Vaughan’s breaking point came in the spring of 1987 by way of a body-slam from a 6-foot-8 brute called Nord the Barbarian. His shoulder popped out of its socket, an injury he says still flares up today. He was tired and poor, beaten up and now broken down: a Von Erich in hardships but not in spoils. “If the money is commensurate to the job, you do it,” he says. But this was far from that. After being turned down for a raise, Vaughan walked out and got to work planning his next steps. 

And that, he presumed, would be the end of it.
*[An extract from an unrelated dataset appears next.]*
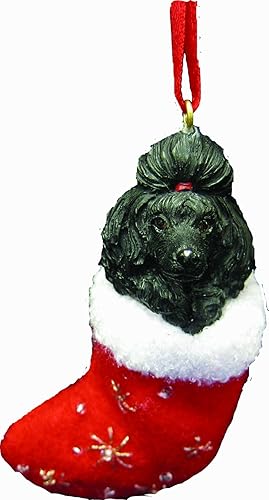 Adorno navideño de caniche negro con detalle pintado a mano y cosido con "Santa's Little Pals"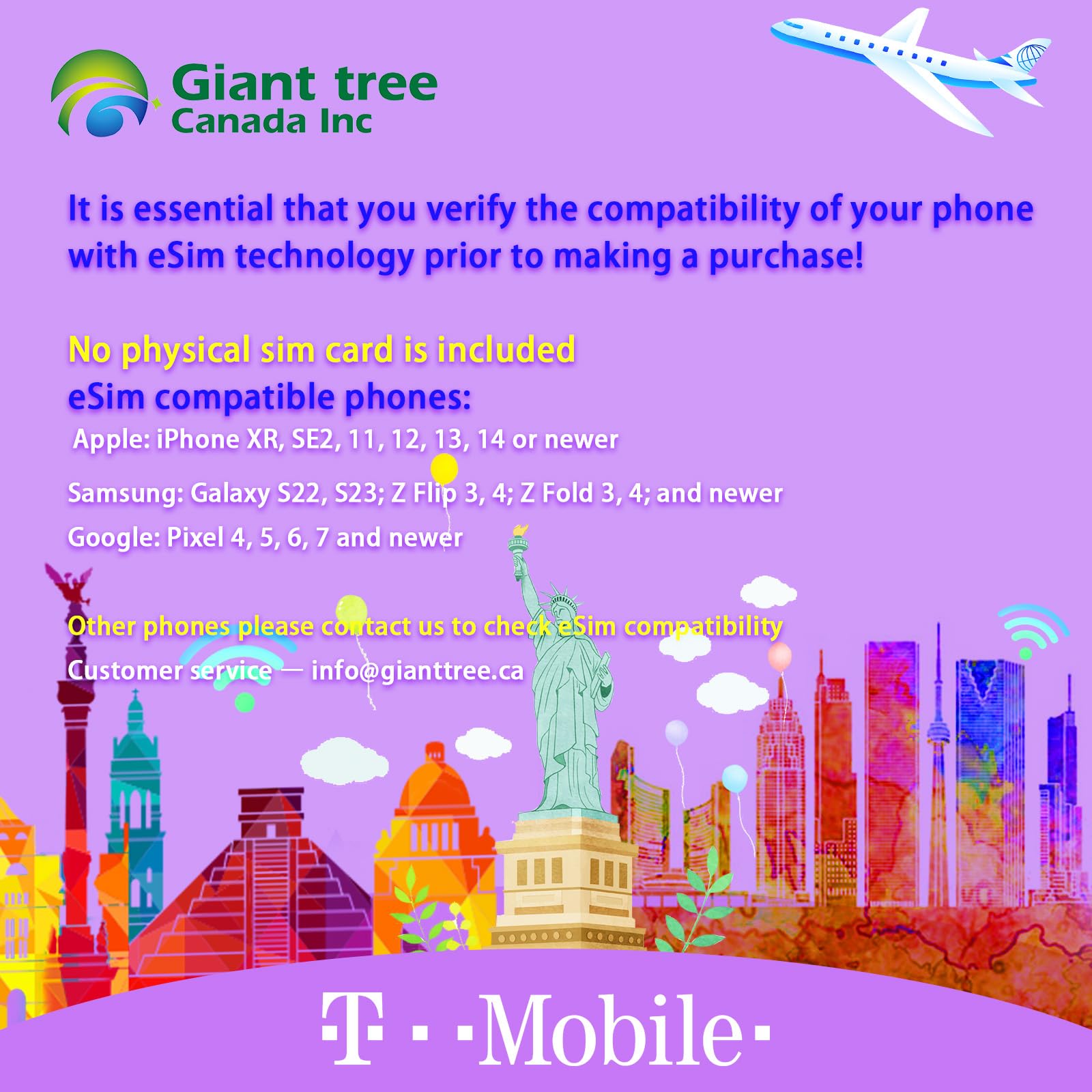 USA Canada Mexico Travel eSIM - Unlimited Data, Calls & Texts with T-Mobile Network (6 Days) | Perfect for International Travelers, Business Trips & Vacation Connectivity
His time as a Von Erich was over, and while the experience fell well short of the stratospheric expectations he had, at least it ended without acrimony—or so he figured.
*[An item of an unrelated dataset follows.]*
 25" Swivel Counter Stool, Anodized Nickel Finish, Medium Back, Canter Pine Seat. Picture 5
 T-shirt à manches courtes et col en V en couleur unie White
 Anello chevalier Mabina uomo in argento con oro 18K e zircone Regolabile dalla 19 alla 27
“I don’t know everything that was said between him and Fritz when it was time to go, but he’s not going to be the guy that creates a situation in which you try to destroy him,” Wolfe says. “It’s just not his personality.”
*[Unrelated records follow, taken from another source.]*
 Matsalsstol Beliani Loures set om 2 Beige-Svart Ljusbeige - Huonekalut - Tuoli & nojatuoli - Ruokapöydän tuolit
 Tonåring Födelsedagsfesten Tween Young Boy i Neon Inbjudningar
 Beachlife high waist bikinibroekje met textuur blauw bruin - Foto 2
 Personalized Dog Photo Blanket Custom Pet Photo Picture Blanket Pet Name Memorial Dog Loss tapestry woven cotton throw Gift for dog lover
But that’s exactly what Fritz Von Erich decided to do. 

The Bridge

Thirty-six years later, no one can piece together why Fritz ordered his son to the ring with a live microphone in his hand and a family grudge on his mind. 

The Fourth of July was approaching, and the Sportatorium was packed for a live event. A camera crew was on hand to tape the main event: Brian Adias and “Latin Heartthrob” Al Perez versus Lance and Kevin Von Erich, in what was billed as a sort of homecoming for Kevin after returning from an overseas tour. Early in the night, however, it was announced that Kevin was not available to wrestle. And then, with Adias and Perez awaiting their opponents in the ring, a different Von Erich appeared—Kerry, still well into his convalescence after the motorcycle accident. The fans erupted. 

KER-RY! 

KER-RY!

KER-RY!

But the most magnetic of the Von Erichs didn’t pander to the crowd like he normally might. Instead, he shook the microphone in his right hand, fidgeted with its cord in his left. He pursed his lips, then opened his mouth before thinking better of it. He wasn’t ready. He withdrew to drink in a few final moments of approval: hands on his hips, a brief nod of acknowledgment amid the cheers. Then a confident stride forward to the center of the ring for a slight bow and two slighter waves. It was time to come clean. 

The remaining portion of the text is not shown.